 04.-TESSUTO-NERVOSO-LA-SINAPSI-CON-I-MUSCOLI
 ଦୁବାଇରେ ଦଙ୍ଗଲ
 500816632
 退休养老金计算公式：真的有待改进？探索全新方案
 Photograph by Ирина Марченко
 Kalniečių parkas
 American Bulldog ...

--

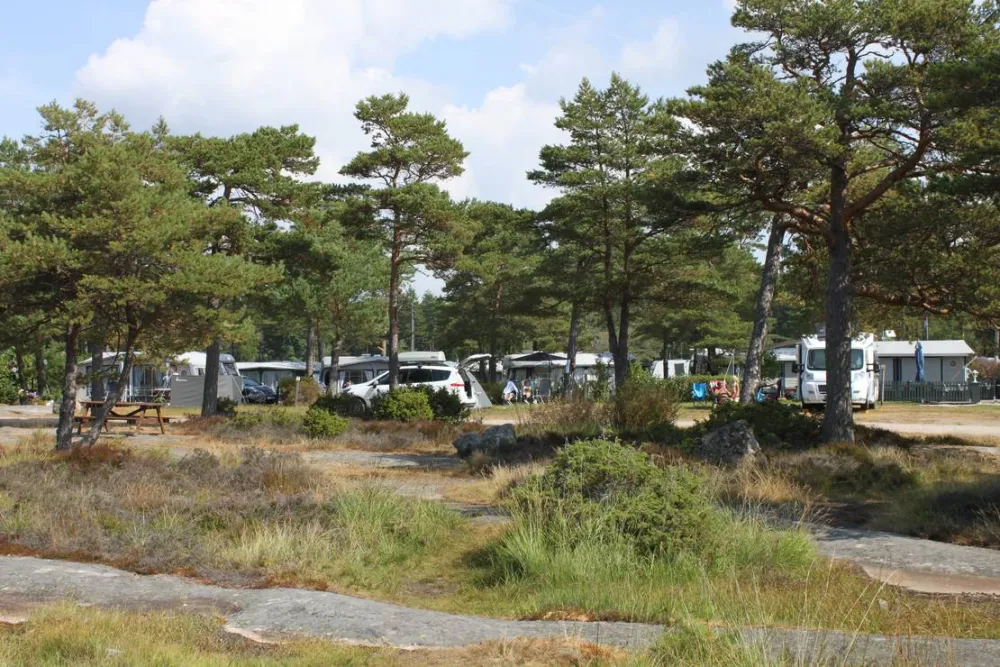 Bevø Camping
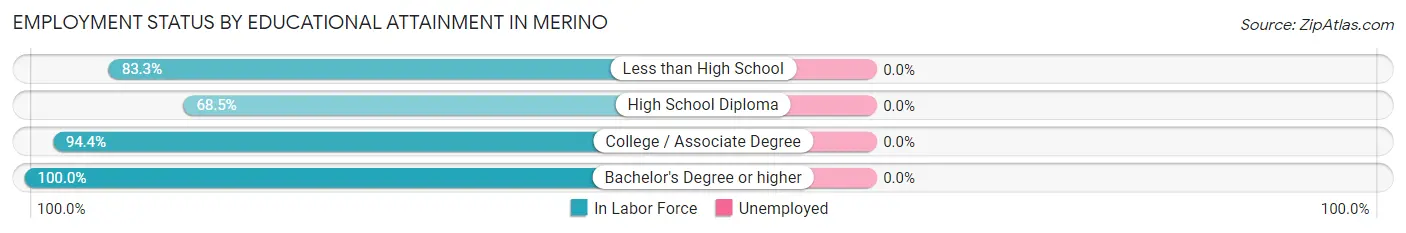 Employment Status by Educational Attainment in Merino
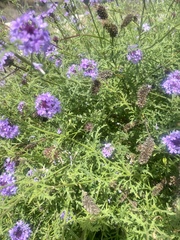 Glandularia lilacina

→ Problem to work on:
Will you return exactly the lines above from the one with "04.-TESSUTO-NERVOSO-LA-SINAPSI-CON-I-MUSCOLI" down to the one with "American Bulldog ...", counting both as part of the range?

→ Result for this exercise:
 04.-TESSUTO-NERVOSO-LA-SINAPSI-CON-I-MUSCOLI
 ଦୁବାଇରେ ଦଙ୍ଗଲ
 500816632
 退休养老金计算公式：真的有待改进？探索全新方案
 Photograph by Ирина Марченко
 Kalniečių parkas
 American Bulldog ...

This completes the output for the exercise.